Bartenura · Shevuot 1:6
שָׂעִיר הַנַּעֲשֶׂה בִפְנִים וְיוֹם הַכִּפּוּרִים מְכַפֵּר. דִּכְתִיב וּמִפִּשְׁעֵיהֶם לְכָל חַטֹּאתָם, וּפְשָׁעִים אֵלּוּ מְרָדִים. הַחֲמוּרוֹת וְהַקַּלּוֹת וְכוּ׳. כֻּלַּהּ מַתְנִיתִין מְפָרְשָׁא בַגְּמָרָא הָכִי: בֵּין קַלּוֹת בֵּין חֲמוּרוֹת, בֵּין שֶׁעֲשָׂאָן בְּמֵזִיד בֵּין שֶׁעֲשָׂאָן בְּשׁוֹגֵג. וְאֵלּוּ הֵן קַלּוֹת: עֲשֵׂה וְלֹא תַעֲשֶׂה. וְאֵלּוּ הֵן חֲמוּרוֹת: כְּרֵתוֹת וּמִיתוֹת בֵּית דִּין.

Bartenura ancora a inclusão da transgressão deliberada no próprio termo bíblico "transgressões" (peshaim), que a tradição rabínica entende especificamente como referindo-se a atos de rebelião consciente, e não a erros inadvertidos. Ele resume, de forma clara e sistemática, a estrutura da longa lista final da mishná: ela se organiza em pares complementares — leve/grave, deliberado/inadvertido, esclarecido/não esclarecido — que, juntos, esgotam toda a gama possível de transgressões da Torá, identificando explicitamente as "leves" como os mandamentos positivos e negativos comuns, e as "graves" como as puníveis por extirpação ou pena capital judicial.

Perush — os Mefarshim · הַמְּפָרְשִׁים

Rashi · רש״י
Shevuot 2b, s.v. ועל זדון טומאת מקדש; הודע ולא הודע
וְעַל זְדוֹן טֻמְאַת מִקְדָּשׁ וְקָדָשָׁיו — סְתָמָא הִיא. הוֹדַע וְלֹא הוֹדַע — בַּגְּמָרָא מְפָרֵשׁ לַהּ.

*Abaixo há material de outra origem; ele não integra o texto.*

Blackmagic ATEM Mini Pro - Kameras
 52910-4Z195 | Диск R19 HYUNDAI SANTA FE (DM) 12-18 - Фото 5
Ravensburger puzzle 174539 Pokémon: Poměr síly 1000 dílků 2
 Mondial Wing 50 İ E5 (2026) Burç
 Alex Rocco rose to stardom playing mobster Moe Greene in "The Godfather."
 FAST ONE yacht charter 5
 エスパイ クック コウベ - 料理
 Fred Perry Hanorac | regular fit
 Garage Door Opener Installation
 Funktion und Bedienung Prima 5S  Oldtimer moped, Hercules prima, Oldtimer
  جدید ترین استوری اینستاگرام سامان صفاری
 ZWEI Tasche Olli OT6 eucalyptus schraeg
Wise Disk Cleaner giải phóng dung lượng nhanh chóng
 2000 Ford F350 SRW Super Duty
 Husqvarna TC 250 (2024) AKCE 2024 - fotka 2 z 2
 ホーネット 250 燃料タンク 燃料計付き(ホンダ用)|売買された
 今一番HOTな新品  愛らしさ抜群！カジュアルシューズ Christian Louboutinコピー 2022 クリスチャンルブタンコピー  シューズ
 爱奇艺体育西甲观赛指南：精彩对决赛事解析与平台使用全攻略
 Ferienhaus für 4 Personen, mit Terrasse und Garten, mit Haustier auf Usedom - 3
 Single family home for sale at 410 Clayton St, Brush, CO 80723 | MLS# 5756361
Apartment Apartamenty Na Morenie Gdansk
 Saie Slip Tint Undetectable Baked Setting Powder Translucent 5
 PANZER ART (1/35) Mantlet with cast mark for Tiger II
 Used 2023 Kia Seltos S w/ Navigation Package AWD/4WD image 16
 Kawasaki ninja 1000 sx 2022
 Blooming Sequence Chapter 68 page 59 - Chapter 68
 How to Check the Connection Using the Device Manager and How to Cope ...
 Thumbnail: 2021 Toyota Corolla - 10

Rashi observa, com sua concisão característica, que esta cláusula sobre a transgressão deliberada é formulada de modo anônimo (stama), sem atribuição a um Sábio específico — sinal, segundo a metodologia talmúdica, de que representa a posição consensual e não disputada da lei. Quanto à expressão enigmática "que se tornou conhecida e que não se tornou conhecida", Rashi remete sua explicação detalhada à discussão da Guemará, que a desenvolve extensamente a partir daqui — um caso, relativamente raro em seu comentário sobre esta abertura do tratado, em que ele prefere não antecipar a análise e deixá-la inteiramente para o corpo principal da sugya.